Violet: Niha

It’s surprising how many people from the flats witnessed the scene with Mrs Cracey and the hard-hats in the cherry grove; Mr Rowland from the Council Planning Department has already received several phone calls when Violet phones him.

‘No, planning permission hasn’t been approved yet,’ he tells her. ‘It’s on the agenda for June. It’s not against the law, you know, to go around measuring trees.’

‘Well, they obviously assume it’s in the bag,’ she retorts in her high-heels voice, even though she’s already standing at the sink in her trainers.

‘They can assume what they like. But it still has to go to committee.’ He sounds defensive. ‘The problem with most of the letters is that objections have to be based on planning grounds — not just because people don’t like it.’

‘What exactly are planning grounds?’

‘It’s got to fit in with the Council’s own strategy on things like access, transport, amenities, etcetera.’

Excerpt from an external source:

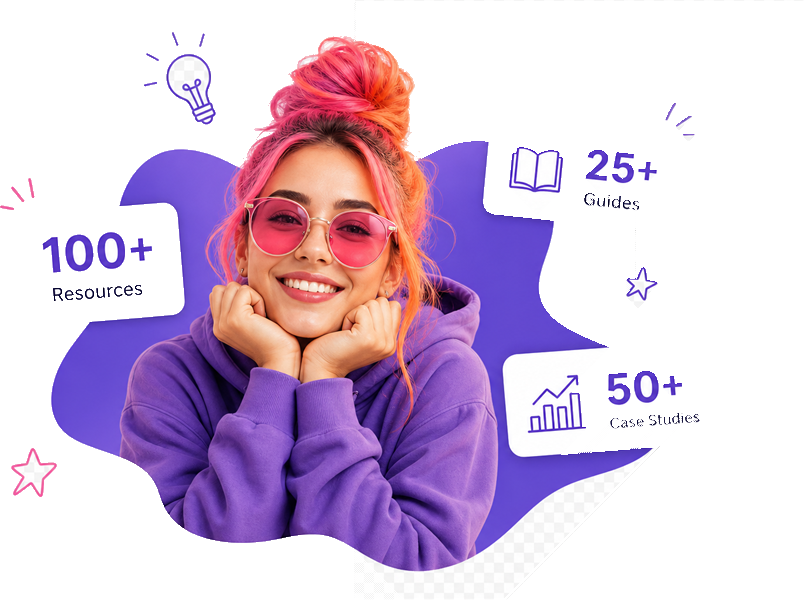 Resources hero visual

‘Why didn’t you tell me this before?’

The line goes quiet for a moment. ‘Look,’ he says, ‘I’ll do my best with the letters I’ve received. And the petition. But I can’t promise anything.’

‘Has any money changed hands?’ she demands. ‘Is anyone making a quick buck out of this?’

‘I’ll pretend I didn’t hear you say that.’

If she hadn’t been so upset, she might have made some excuse when Greg rings her doorbell that evening shortly after six. He’s still wearing his work suit and carrying a big leather briefcase.

‘I heard about your act of heroism,’ he says with a grin.

‘Ha! You heard wrong. It wasn’t me, it was the old lady. My only act of heroism was to shout at some poor guy in the planning department.’

‘Whatever. I think you deserve a treat. I’ve got a table booked at the Niha. Will you let me take you out for an early supper?’

She would have said no, but she too feels she deserves a treat. They agree to meet downstairs in half an hour. While he goes to fetch his car, she changes into a dress and high heels, which boost her morale as well as her height.

The Niha is a small Lebanese restaurant near the Barbican, quite close to the GRM building. She’s actually been here once at lunchtime with Laura. In the evening it’s cosy, low-lit and intimate. Without asking her, Greg orders sayadieh for both of them, assuming she will approve of his choice, which of course she does, and a Lebanese red wine called Château Musar which costs twice as much as their entire meal. While they wait for it to arrive, she tells him about her conversation with Mr Rowland.

‘Planning grounds! Why didn’t they say so? They seem to make up the rules as they go along!’

‘Local government is full of self-serving jobsworths,’ he says, ‘wasting our money on red tape and vanity projects. I’m having a bit of trouble with local planners myself. I won’t bore you with the details.’

Over dessert, their conversation becomes more personal. He talks about sailing in the Solent. She tells him the difference between Bakewell tart and Bakewell pudding. When she describes, giggling, how the original cook at the White Horse Inn accidentally spread egg and almond mixture across the jam, he reaches out his hand and places it over hers.

Quietly, without a word, she draws hers away.

At nine o’clock he drops her back at Madeley Court and goes to park his car in his rented garage. No kiss, no invitation for a nightcap, not even a stray grope. So far so good, she thinks.

She locks the door, kicks off her high heels, and pads to the kitchen in bare feet to put the kettle on. While it’s boiling she changes into her pyjamas — rather frayed hand-embroidered silk which her former Singaporean room-mate left behind in place of the new M&S teddy-bear print she stole, along with Nick. Rummaging in the tin for a peppermint tea bag, she mulls over the evening with Greg. Should she let their relationship go further? He’s good-looking, more of a gentleman than Marc, and the father of a very cute kid. But much too old for her, and she’s enjoying her freedom too much.

The kettle boils. She goes into the kitchen and pours hot water over the tea bag in a yellow mug, and is just about to take it to bed with her, when her doorbell buzzes. Once. Twice. Three times.